The climate is moderate. 
You can ski in the morning and swim in the afternoon if that’s your thing. There’s plenty of great local restaurants and some pretty cool bars. The coffee is great and the wine is cheap and drinkable. 
The parking in town is a challenge but not expensive if you park in the underground stations. Small cars are almost a necessity if you want to drive and park in the old part of town. 
Sanremo is well serviced by public transport trains and buses. Taxis are expensive in Italy. 
There is a really active community here with events and festivals to suit all tastes all year round. Recent events include the music festival, flower festival and the KTM Motorcycle enduro - starting and finishing at the port. Plenty of choice. 
Italian drivers at first seem crazy but at some point there’s a realisation that it’s organised chaos, surprisingly they are very courteous to cyclists. 
There’s a really good cycle path with a pedestrian walkway that tracks along the coast for about 25 kms.

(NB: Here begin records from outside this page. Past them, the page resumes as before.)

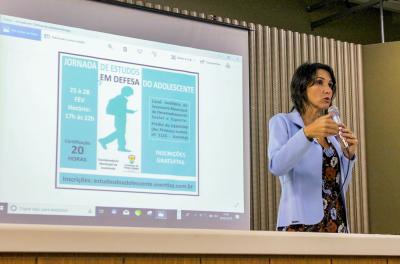 Jornada de estudos discute adolescência e fatores sociais
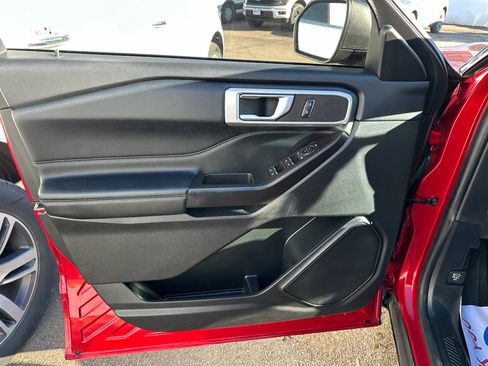 Used 2020 Ford Explorer XLT w/ Equipment Group 202A image 8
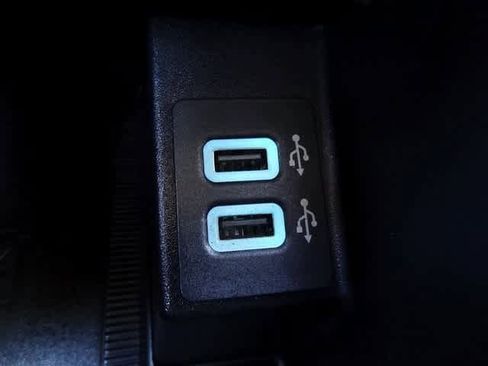 Used 2020 Ford Edge Titanium image 31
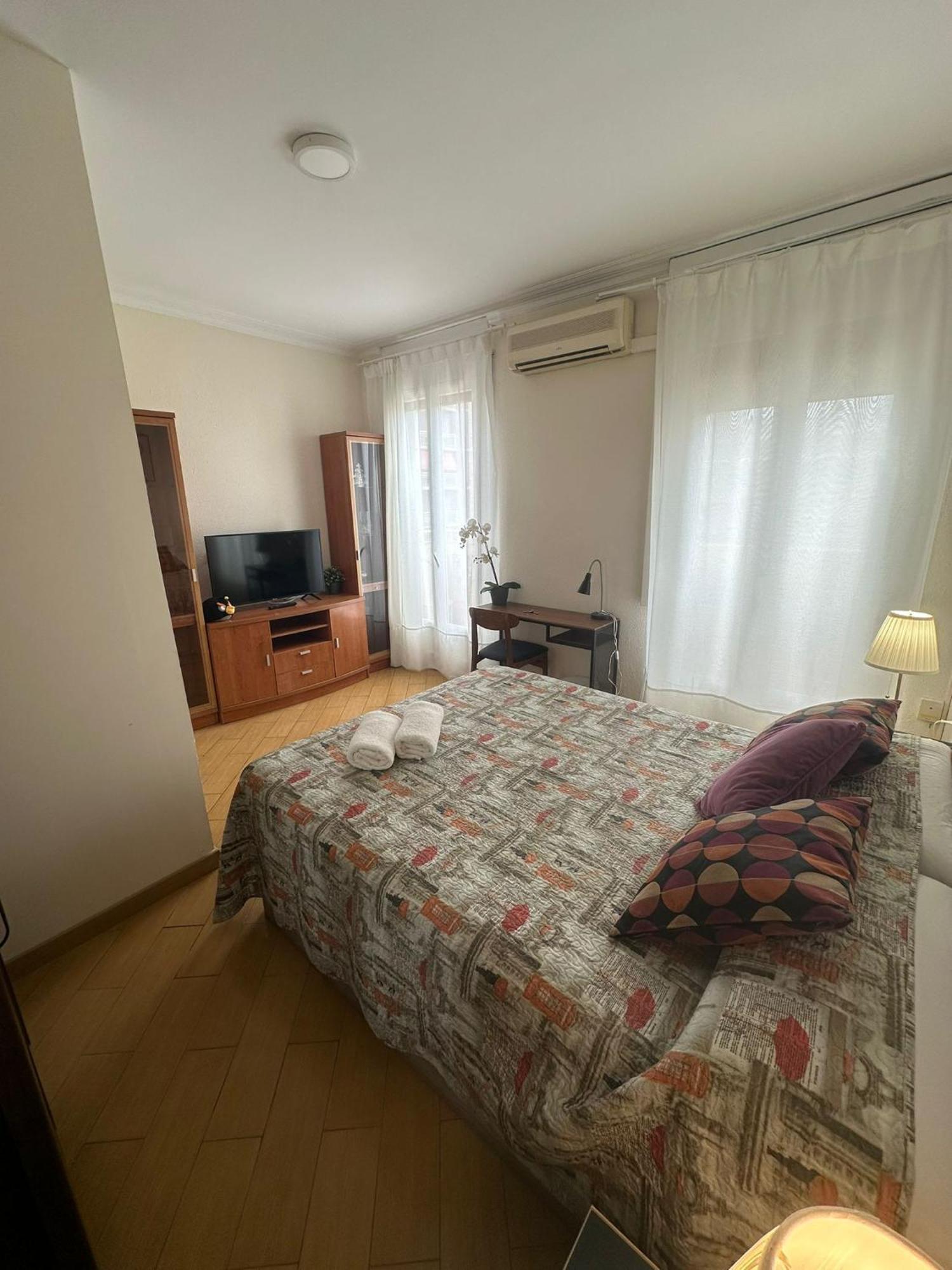 Rooms Nueva Valencia برشلونة المظهر الخارجي الصورة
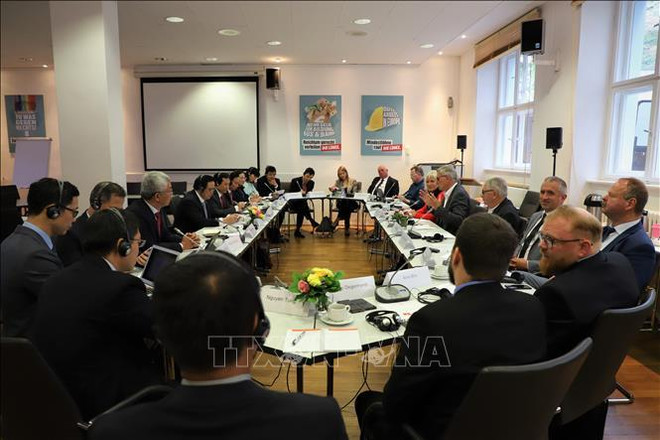 越南共产党与德国左翼党第二次政策对话会在德国召开 ảnh 1 越南共产党与德国左翼党第二次政策对话会在德国召开 ảnh 1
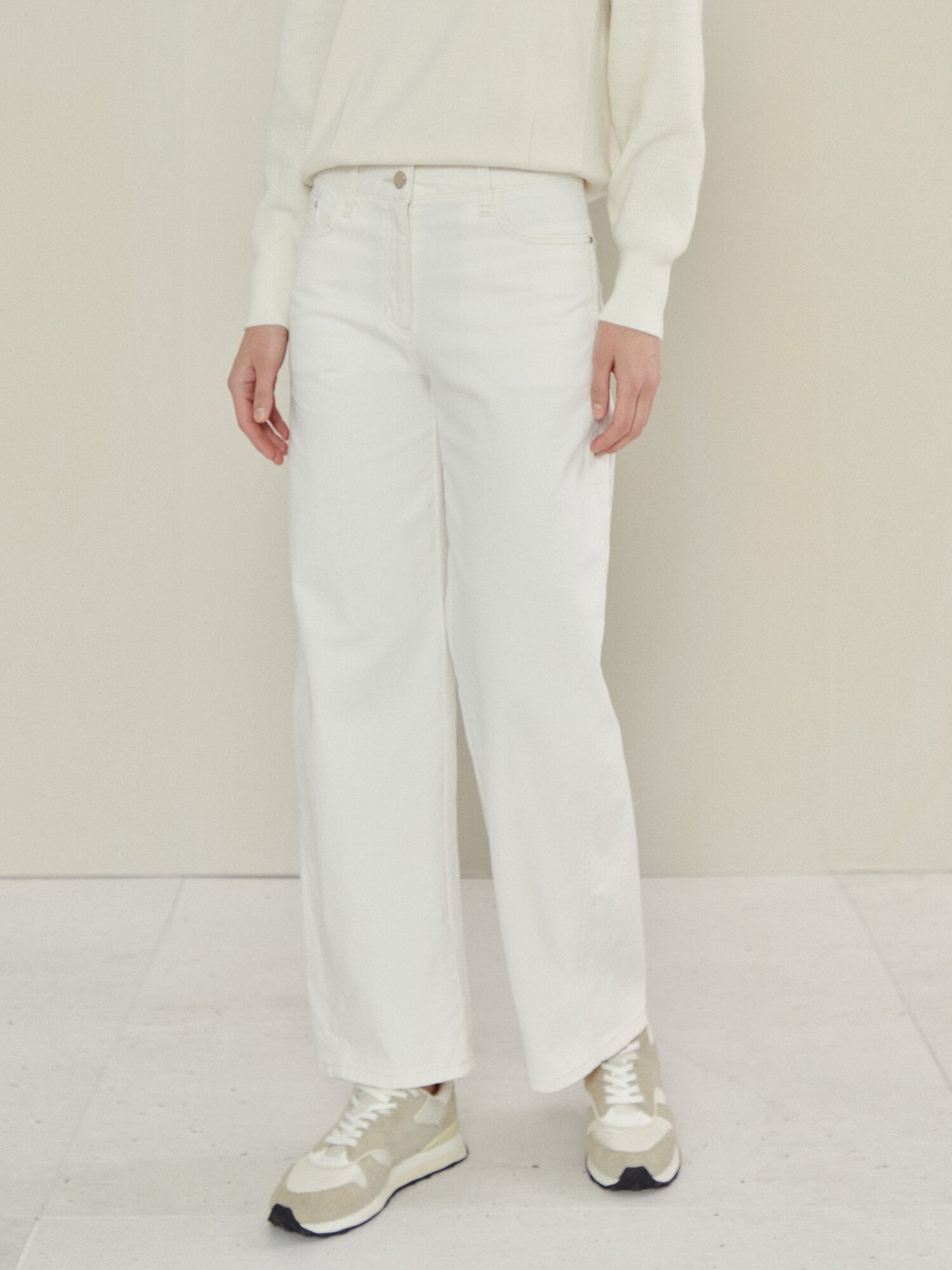 클린 핏 코튼 데일리 팬츠 (IVORY)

Plenty of coffee shops , bars and restaurants to stop at to rest the dogs along the way. It’s easy walking as it uses the old railway that’s been converted so gradients are gentle. There’s lots of parks and access to some beaches along the way (expect small roundish stones underfoot and not golden sands between you toes) and there’s lots of dogs (also dog poo - Italians are not quite as bad as the French at picking up after their fur children). There’s plenty of mountains to climb if that’s your thing. 
It’s an easy run to the Nice Airport with highway/ tollway most of the way. Less than an hour most times. Traffic on the coast can be a challenge but the only times I’ve found the highway a problem has been due to accidents and also the time I decided driving in and out of Monaco was a good idea - my advice there is don’t. Train is the only way to arrive at Monaco with any semblance of sanity. 
There is an influx of French people into Sanremo on weekends and who could blame them - the majority of Italians are joyous, must be a pleasant change, and as a bonus it’s relatively cheap. 
I’m told it can get pretty crazy in high season but it’s nothing like the French Riviera and as it’s so much smaller it’s more personal. It’s prettier too as it retains most of its old buildings. 
Having said that Nice has a nice old town, good restaurants, good markets and Monaco is worth visiting for the museums. Wouldn’t live there though. 
The highways are amazing when you first encounter them as they go through lengthy tunnels through the mountains. If you move here it’s better to live over a tunnel/ on top of a mountain than in the valley near a high road bridge. 
Finding a home to house five fur children and there servants may mean you have to move up or down the coast a little or towards the heights but property doesn’t sell quickly here and long term rentals are cheap in comparison to purchase. There’s some real gems close to everything but as with all of us its expectations divided by available funds multipled by urgency mixed with anticipation with a fair modicum of luck thrown in. Then of course that X factor is different for us all. 
Having said all that - I hope you and your husband are happy wherever you move to. 
Cheers,
Graeme


----------



## ajcamp

*Affordable in Liguria*

Hi, 
I'm considering Western Liguria as a region to move to. I'm an Italian citizen in the US, looking to move to Italy. I'm looking for areas along the coast that might be affordable on a modest income. Is that possible, or would I have to live inland, or between towns? 

Thanks for any insights! 
Andrew


----------



## NickZ

Modest US income or modest Italian income? 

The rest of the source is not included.